The most appealing part about most space-themed VR games is the thrill of combat while you pilot your lethal ship armed to the teeth with various destructive munitions. You duck and bob and weave your head in all directions, craning behind you to lock onto that last, elusive enemy, before finally pulling the trigger and blowing them into a billion pieces. Sounds intense, right? Well, that’s not actually what Orion Trail VR is about. Instead, it’s something much better: it’s a sitting-in-the-captain’s-chair simulator and I wouldn’t ask for anything else.
In Orion Trail VR, you take on the role of the captain of your very own spaceship. As a final frontier-incarnation of the classic PC game, Oregon Trail, Orion Trail VR is less about engaging enemies in intense dogfights among the stars and more about avoiding space dysentery as you prepare to survive the trials and tribulations of life in the great dark expanse of space.
If this sounds awfully familiar, that’s because it is. Orion Trail VR isn’t a brand new game built from the ground-up for VR, it’s actually just a port of a successfully Kickstarterd independent PC game of the same name that released just a couple of months ago. But it’s not just any old port, of course, as the entire perspective of the game has been shifted to a first-person view, the interface is brand new, the interior of the ship is entirely fresh, and the character models are all recently created. It doesn’t quite feel like a different game per se, but it’s a more impressive port than you’d expect.
As the captain in Orion Trail VR, you’re in charge of completing missions as you progress along a boardgame-style map of checkpoints. As you make your way across the galaxy, you’ll come across dozens of random encounters that are equal parts clever and hilarious. I lost crew members to a mirror-world of evil counterparts. I was victorious in my conquest of a massive mound of intergalactic ice cream. I even explored the deepest and darkest corners of the most barren planets to trade pieces of my ship for burgers.

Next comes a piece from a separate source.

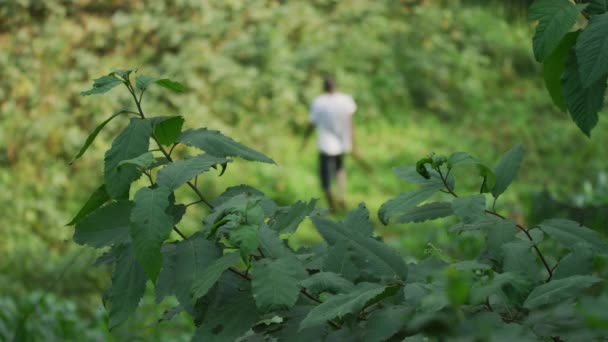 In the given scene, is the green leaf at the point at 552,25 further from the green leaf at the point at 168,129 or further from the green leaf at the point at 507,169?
the green leaf at the point at 168,129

But when you live by the random-number-generator (RNG) you die by it as well. While you can select crew members and complete missions to build up your various different resources (Crew, Food, Fuel, and Hull) to prepare for random situations, you ultimately have no idea what’s about to happen. On top of that, regardless of how prepared you think you are, a series of unfortunate events could quickly deplete any one of your resources at the blink of an eye.
As satisfying as the hilarious scenarios and comical animations are, it left me wanting a bit more. I’d have loved to see more of the events play out on the screen for each scenario, rather than simply relegating the vast majority of the game’s “action” to hoping the RNG winds up in your favor. It’s a minor issue that doesn’t actually detract from the overall experience, but an issue nevertheless.
Schell Games, who also created the award-winning title I Expect You To Die, have done a wonderful job of capturing the spirit of the classic exercise in misery that is Oregon Trail by replacing the unintentional disaster-humor with intentional slapstick comedy. They also told UploadVR that their short term plans are to be “vigilant with bug fixes and making sure the game is working properly” but were tight-lipped on any future long-term plans or updates.
I have no qualms with saying that Orion Trail VR is both one of the funniest and one of the most unique experiences out there, VR or otherwise. You’ll get several hours of entertainment from this spacefaring affair and it’s definitely worth playing.